Sex als körperliche und psychische Verschmelzung

Sex macht aus Ich und Du ein "Wir". Man wird für kurze Zeit zum androgynen Wesen, das ganzheitlich männlich und weibliche gleichzeitig ist, trivial gesagt ein "Tier mit zwei Rücken". Die Unterscheidung in Mann und Frau ist überwunden. Sex, wo man sich gegenseitig anschauen kann, ist spezifisch menschlich und kommt bei Tieren nie vor. Sex schafft Nähe, überbrückt Grenzen, ist lustvoll und ein grundlegendes Bedürfnis (S.137).

Das Wir entsteht durch Bereitschaft zur gleichmässigen Veränderung von Ich und Du.

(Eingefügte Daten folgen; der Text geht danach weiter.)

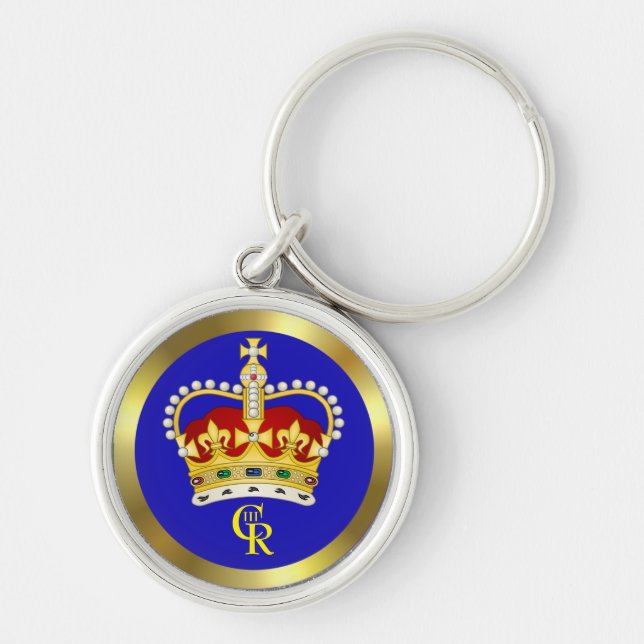  King Charles III Monogram and Crown  Key Ring (Front)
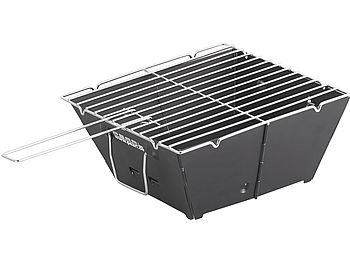 PEARL Faltgrill: Flach zusammenklappbarer Kohle-Grill, Grillfläche ca. 24,5 x 24 cm (Grill klappbar)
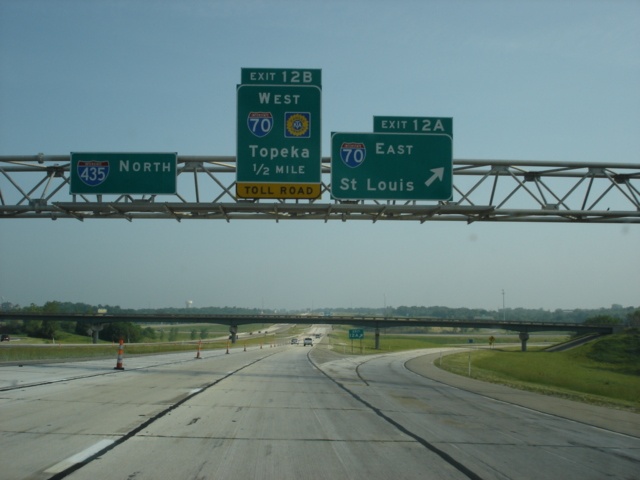 Interstate 435 North at Exit 12A - Interstate 70 East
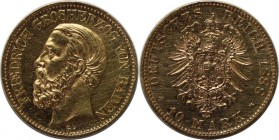 Deutsche Munzen und Medaillen ab 1871, REICHSGOLDMUNZEN, Baden, Friedrich I (1852-1907). 10 Mark 1888 G, Gold. Jaeger 186. Fast Stempelglanz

Ohne Bereitschaft zur Veränderung entsteht das Wir nicht (S.146).

Verschmelzung und psychisch krankes Streben nach Dauerverschmelzung

Das Streben nach Verschmelzung ist natürlich. Das Ziel der Dauerverschmelzung und die Suche des Paradieses im Körperlichen entspricht aber dem Kleinkindverhalten. Menschen die so denken, sind seelisch im Kleinkindalter steckengeblieben (S.138). Solche Menschen laufen Gefahr, sich in der Sexualität des jeweils anderen Geschlechts zu verlieren, so dass sie bald abgestossen werden und alleine bleiben. Die Therapie ist dann der Anfang für die Entwicklung des Selbst (S.142). Die Sexualität des anderen Geschlechts erweist sich in diesen Fällen als Entwicklungsblockade, gefördert von der "Zivilisation", die das Wesen der Menschen mit Technik ersetzen will (S.144).

Weitere Arten der Verschmelzung

-- Zungenkuss als Verschmelzung (S.137)
-- Brüste im Mund als Verschmelzung (S.137)
-- Oraler Sex als Verschmelzung (S.137)

Stillen als Verschmelzung

Mutter und Kind verschmelzen zum Doppelwesen, zur Dyade. Stillen schafft Nähe, überbrückt Grenzen, ist lustvoll und ein grundlegendes Bedürfnis (S.137).


Machtspiele torpedieren die Verschmelzung in der Beziehung

Bei einseitiger Veränderung oder bei Machtspielen kommt es zum Missbrauch der Vereinigung. Diese Grenzüberschreitungen werden schmerzhaft, werden zur Qual, entwickeln eventuell Aggression etc. Das Paradies der Vereinigung wird vergiftet. "Bindung wird zum Besitzverhältnis umstrukturiert und zum [seelischen] Gefängnis pervertiert." (S.146).

 
[Diese Machtspiele kommen in psychischer oder sexueller Weise unter Erwachsenen vor, oder in psychischer Weise zwischen Eltern und Kindern als psychischer Kindsmissbrauch vor, in sexueller Weise als körperlicher Kindsmissbrauch].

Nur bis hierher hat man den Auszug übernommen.